Her mind raced as the carriage horses clipped through the narrow streets toward the palace, thinking of the horrible scene at the ball. Was Karl Anton so vindictive a prince as to punish her for her overstatements now he was king? Her flesh quivered and her fingernails dug into the palms of the clenched fists that lay rigid in her lap. She watched the warmly lit windows of the houses steadily pass and listened to the monotonous ring of horseshoes on the stone pavement of the main street. She attempted a smile, but it died under the unflinching gaze of the two policemen who faced her.
The carriage drew up before a small doorway in an ivy-covered courtyard. One of the policemen helped Ella alight while the other rapped a rhythm on the door. It opened immediately from within. She was ushered up a narrow, dimly lit staircase. At the second landing, they faced another door and sounded another rhythm. Again it opened from within and the gentlemen extended their arms to indicate she was to enter. Her skirts rustled as they brushed the narrow doorjamb. Their noise was deafening in the stony silence. The door closing behind her was perhaps the most terrible sound she had ever heard.
Candles in wall sconces and a fireplace burned at opposite ends of the room. They sufficed to dispel the darkness, but did not give light. Two men conferring in the center of the chamber turned their faces in her direction as she entered. She recognized the seated member of the pair as King Karl Anton, and she curtseyed. "Fräulein von Ackern?" The king addressed her in a tone neither kindly nor unforgiving. Dim light reached him from both sources, leaving a swath of black shadow to darken the center of his visage. Ella nodded. "You would probably do well to listen carefully before speaking." He turned his head toward the second man. "Minister – ?"
The older man spoke straightforwardly. "Fräulein, tonight we have raided the university coffee house and arrested Professor Scaltramente and his adherents. You have been connected with them in two ways. You have been observed in their company and have been heard by our king himself quoting their anti-royalist polemics. However, since your family is one of the most venerable in the kingdom, I have advised proceeding cautiously in your regard as we continue our inquiries. Can you tell us how you came to be connected with this revolutionary cell?"

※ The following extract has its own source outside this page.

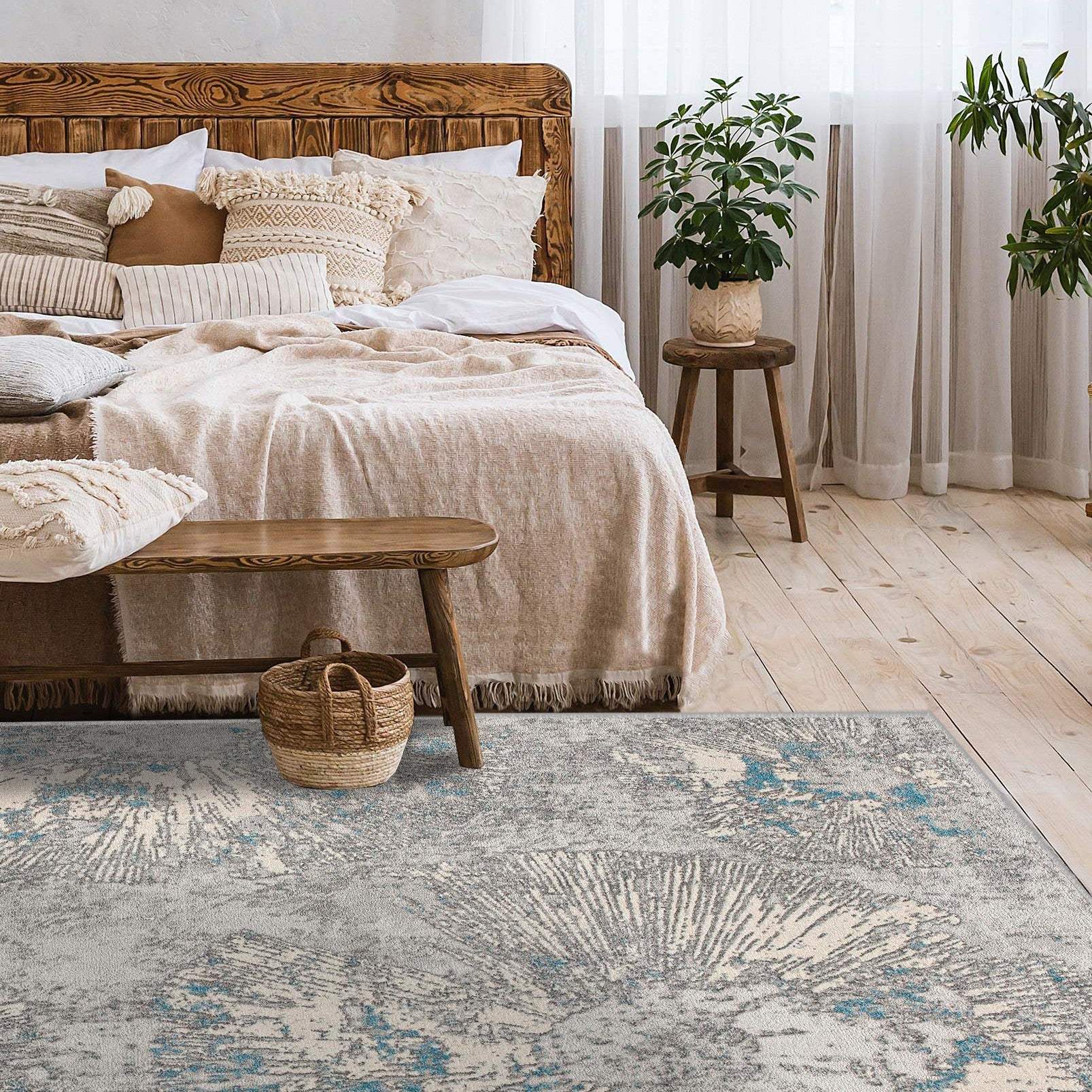 7' X 10' Blue Abstract Circular Motifs Area Rug - Image 6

"Your Highness – Your Majesty – " Ella stared at the floor, struggling to control her emotions and martial her thoughts. When she spoke, it was in an uncharacteristically thin and rushed voice. "You must accept my sincere apologies for my tasteless faux pas at the University Ball. When I realized what a fool I was making of myself, I had no other thought but to run." But this was not the answer to the question the minister had put to her. She inhaled deeply and began afresh at a more measured pace.

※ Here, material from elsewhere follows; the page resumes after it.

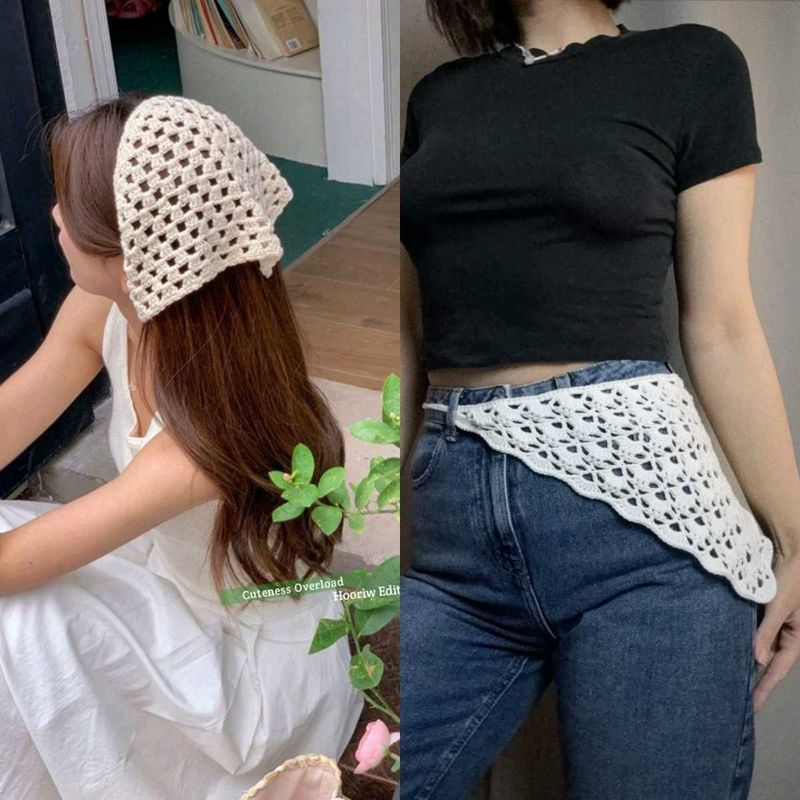 Crochet Hair Scarf Bandana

"I admit I have been greatly affected by Dr. Scaltramente’s speeches – or rather his speech, for I have heard only one. I attend his lectures in medieval history – as I attend lectures by more orthodox teachers. I encountered him on a stairway, and he invited me to come to a meeting at the coffee house. I remember it as the day you returned from the country. You waved at us as you drove across the square." Once again, she had strayed from her objective, and she paused to redirect herself as the minister continued his accusative stare.
"What I wished to communicate to the king – and in my agitation I fear I was not at all successful – was my alarm for him."
"Alarm for us?" Karl Anton made an expansive gesture. "You delude yourself. You see how well we have the situation in hand."
"But – " She paused, hesitant to contradict her sovereign.
The minister of police raised an eyebrow. "Go on," he said through a sly smile.
Every word placed her in greater danger, but her scholarship required no compromises. "The professor’s speech convinced me that the revolutionaries are wrong for trying to foment upheaval and that royalty is wrong for trying to forestall it."
The smile that budded on the king’s face at the beginning of her remark withered as she concluded it. He gripped the arm of the chair. "Do you presume to instruct us in kingship?" His words dropped cold and heavy onto the floor.
Ella at last buckled under the king’s stern gaze and sank to her knees in a billow of skirt. Unwelcome rivulets of tears coursed down her cheeks. The minister signed to the police agent guarding the door to fill a water goblet from a carafe on the sideboard and offer it to her. She clung to it as though it were the Grail.